It's always hard to prove you can't do something, but I don't think you can do this.
Let's try to make the proof and see where we get stuck.
Nonorientability of $\mathbb{RP}^2$ means that there is no nonvanishing section of $\bigwedge^2 T (\mathbb{RP}^2)$.
Suppose that $\sigma$ were a nonzero section of $T(S^2)$. For every point $x$ in $\mathbb{RP}^2$, there are two points $x_1$ and $x_2$ of $S^2$ lying above $x$. We can take the two vectors $\sigma(x_1)$ and $\sigma(x_2)$ and push them forward to tangent vectors at $x$; call the results $v_1$ and $v_2$. Note that there is no canonical way to number these; we just get an unordered pair of tangent vectors at $x$. We would like to build a section of $\bigwedge^2 T (\mathbb{RP}^2)$.

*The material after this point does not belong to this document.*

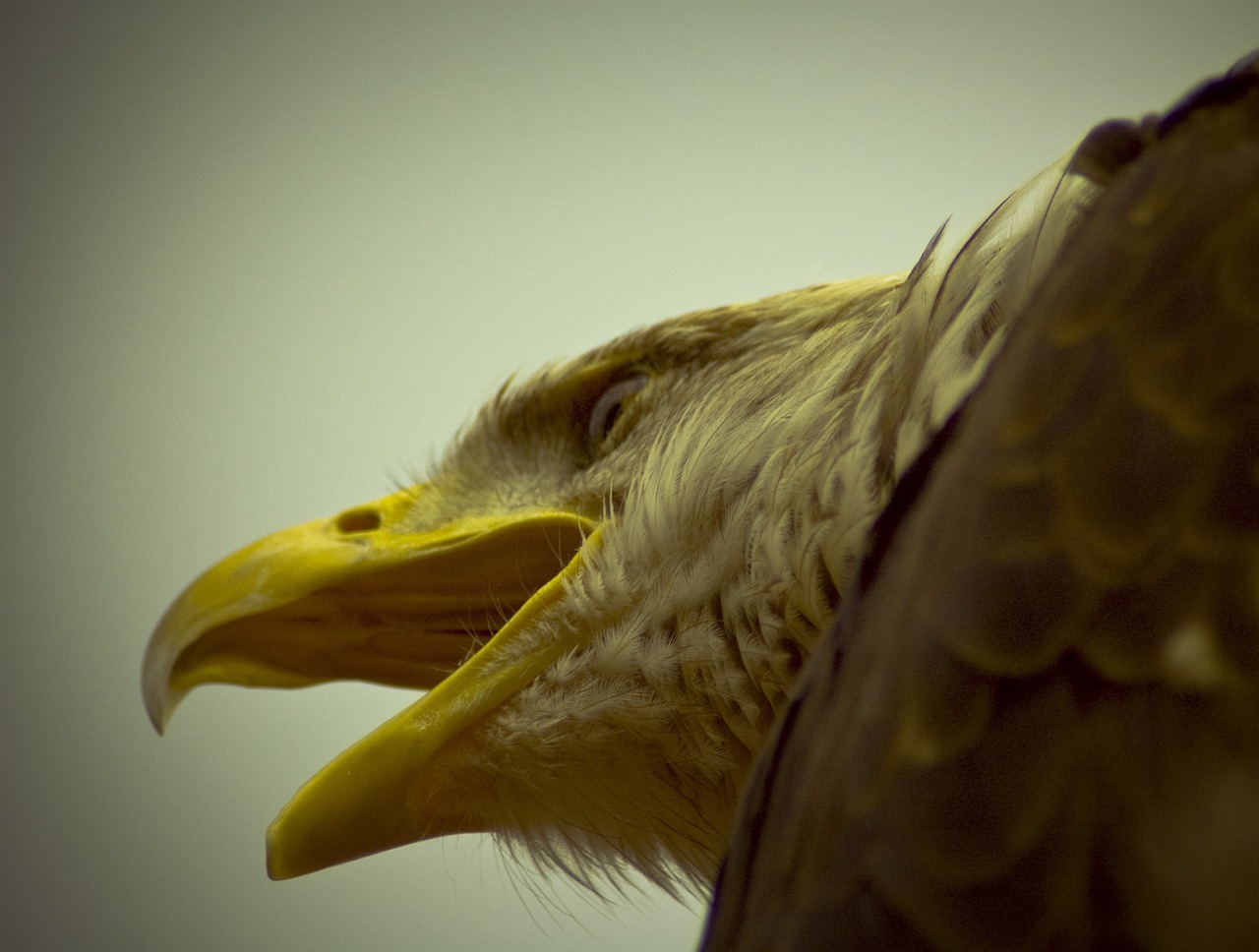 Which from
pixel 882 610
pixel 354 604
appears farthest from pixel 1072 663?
pixel 354 604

The only thing I see to do is look at $v_1 \wedge v_2$. But this doesn't work for two reasons (1) Since we don't have a well defined ordering of $v_1$ and $v_2$, the result is only defined up to sign. (2) Even if you could resolve the sign ambiguity, there is no particular reason that $v_1 \wedge v_2$ should be nonvanishing. Why couldn't you have a vector field $\sigma$ on $S^2$ that is everywhere nonvanishing but such that, at some pair of antipodal points $(x_1, x_2)$, the vectors $\sigma(x_1)$ and $\sigma(x_2)$ are parallel?